The parallels drawn between DiCaprio and Pitt and Burt Reynolds and Hal Needham begin here, though are a spry motif as the film progresses. It is here, the first of three time shifts, that the meat of the movie is contextualized, and it is done so masterfully.
The film’s subsequent foyer into Los Angeles in early 1969 kicks off the closest thing I’ve seen to a ‘setting-study’ perhaps in my entire cinematic viewership.
Atop this sanguine backsplash lays a tale hashing topics as ubiquitous as the loss of the fastball and as esoteric as a blind man watching TV, party habits of Tate and Polanski and the Manson Murders. Most filmmakers approach cinema like one would approach a kitchen. Tarantino treats this movie like a sandbox.
The characters of Rick Dalton and Cliff Booth are colored as dual and reminiscent of yin as well as yang, especially following the pairs meeting with big time cigar aficionado and agent Marvin Shwartz, played by Al Pacino.
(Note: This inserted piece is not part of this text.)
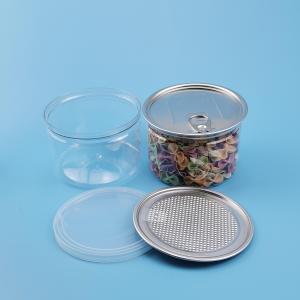 Wholesale 99mm 0.5L Sugar PET Peel Off Little Plastic Jars With Lids from china suppliers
It is here that Dalton’s nearly catatonic insecurity and Booth’s brawn are revealed to the audience.
Booth’s drive back to his shack following the pairs discovery of their advantageous proximity to the Polanski residence is painted on the screen with Tarantino brand bravado.
Dozens of perfectly maintained vintage cars populate tracking shots along the neon Los Angeles night, and floodlights recreate the ancient Interstate 405.
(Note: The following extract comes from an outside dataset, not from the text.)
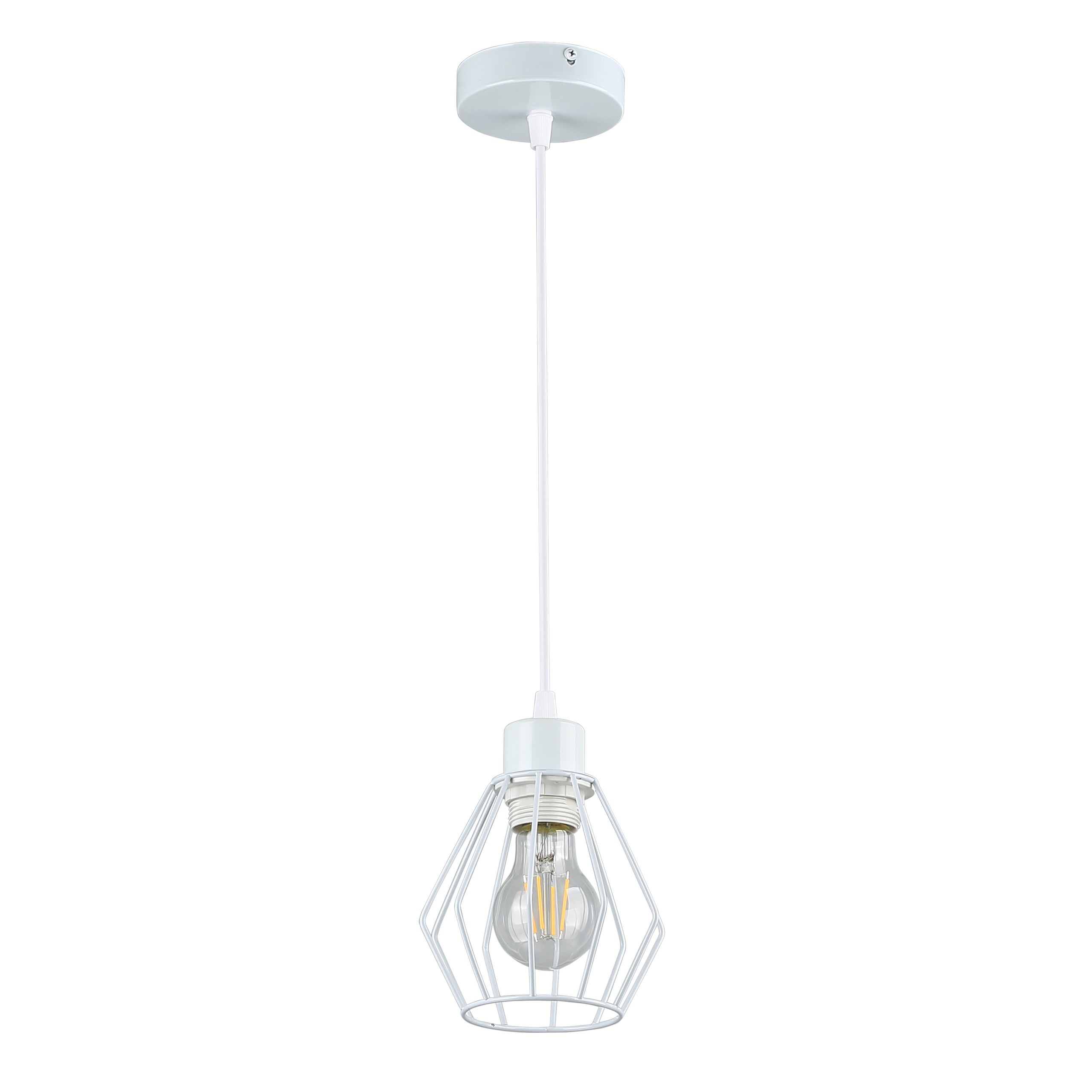 Lampa wisząca Otto E27 105 cm IP20 oprawa sufitowa biała MasterLED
The line between nuanced and self indulgent has become a tightrope, and Tarantino usually walks it like a champ.
The language of the movie, especially in reference to the omniscience of the camera, shapes the movie into a mural. Unlike the media rez of Pulp Fiction, “Once Upon a Time” operates on a linear timeline, while still throwing the films guiding perspective around the ensemble cast like a hot potato.